▶ _Your assignment_: In the listing below, find the line containing "White Stuff Attadale" and the line containing "Ralph Lauren Graphic". Repeat exactly those two lines and every line between them.

▶ _Study material_:
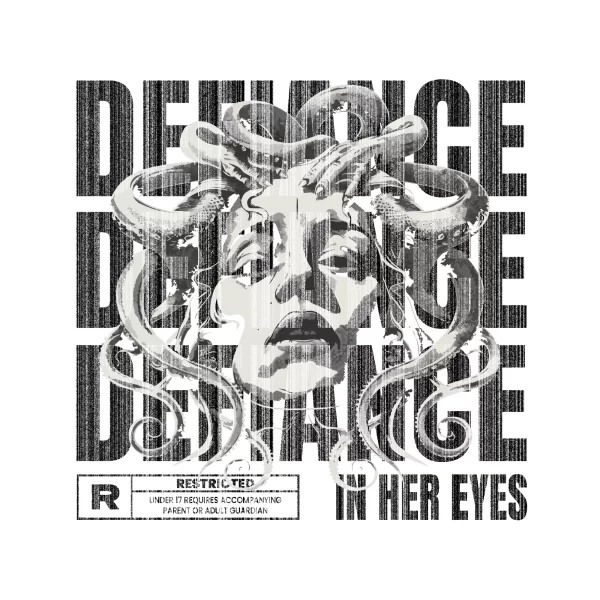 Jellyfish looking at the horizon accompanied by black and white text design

...

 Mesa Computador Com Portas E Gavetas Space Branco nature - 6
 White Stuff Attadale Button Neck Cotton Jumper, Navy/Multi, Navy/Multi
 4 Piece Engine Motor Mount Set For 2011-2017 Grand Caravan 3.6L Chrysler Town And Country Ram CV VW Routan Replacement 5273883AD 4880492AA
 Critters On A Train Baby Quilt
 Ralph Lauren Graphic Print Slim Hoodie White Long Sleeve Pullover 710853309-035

▶ _Expected answer_:
 White Stuff Attadale Button Neck Cotton Jumper, Navy/Multi, Navy/Multi
 4 Piece Engine Motor Mount Set For 2011-2017 Grand Caravan 3.6L Chrysler Town And Country Ram CV VW Routan Replacement 5273883AD 4880492AA
 Critters On A Train Baby Quilt
 Ralph Lauren Graphic Print Slim Hoodie White Long Sleeve Pullover 710853309-035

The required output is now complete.